Your assignment: Only the pictures should be left out; repeat the rest of the data exactly.

Given data:

++++

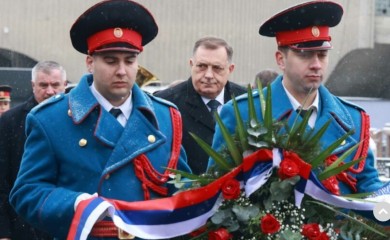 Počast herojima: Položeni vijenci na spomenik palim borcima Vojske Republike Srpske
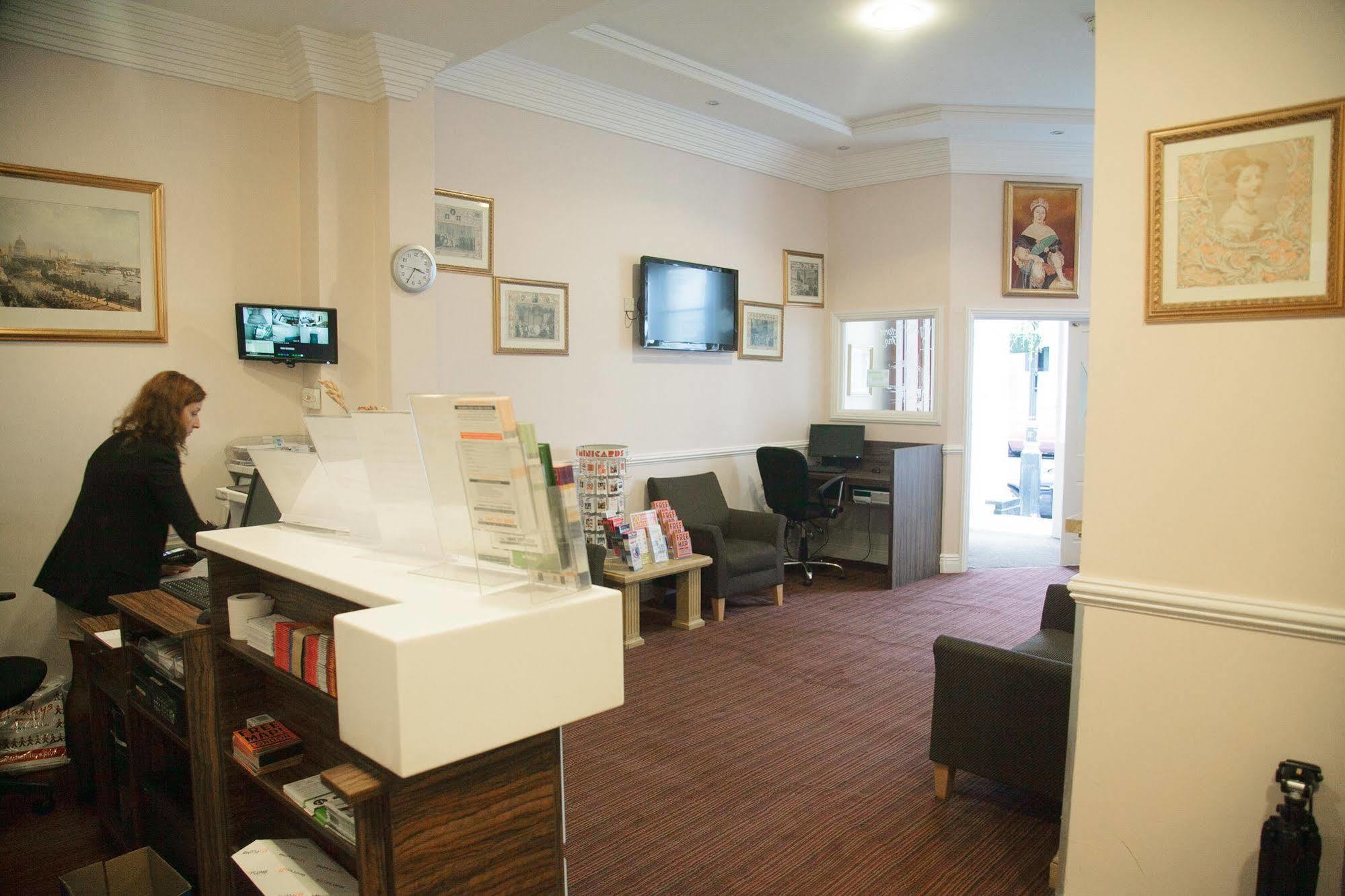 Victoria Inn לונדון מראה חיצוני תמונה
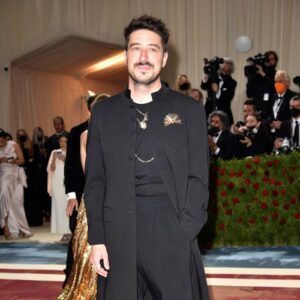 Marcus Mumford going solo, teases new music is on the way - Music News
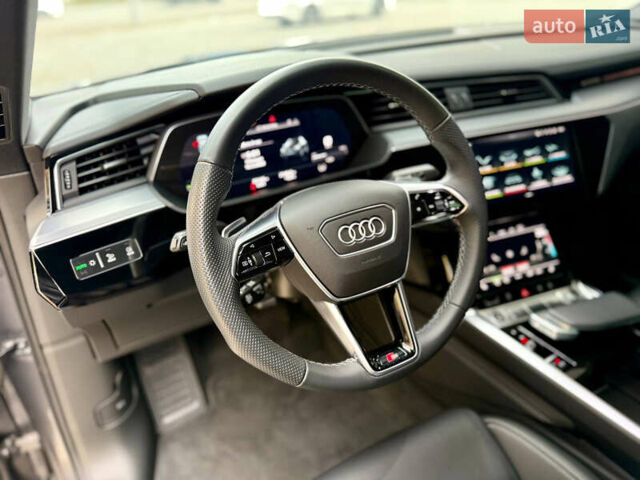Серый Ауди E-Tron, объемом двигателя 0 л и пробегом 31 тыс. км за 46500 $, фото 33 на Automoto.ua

++++

Task output:
 Počast herojima: Položeni vijenci na spomenik palim borcima Vojske Republike Srpske
 Victoria Inn לונדון מראה חיצוני תמונה
 Marcus Mumford going solo, teases new music is on the way - Music News
Серый Ауди E-Tron, объемом двигателя 0 л и пробегом 31 тыс. км за 46500 $, фото 33 на Automoto.ua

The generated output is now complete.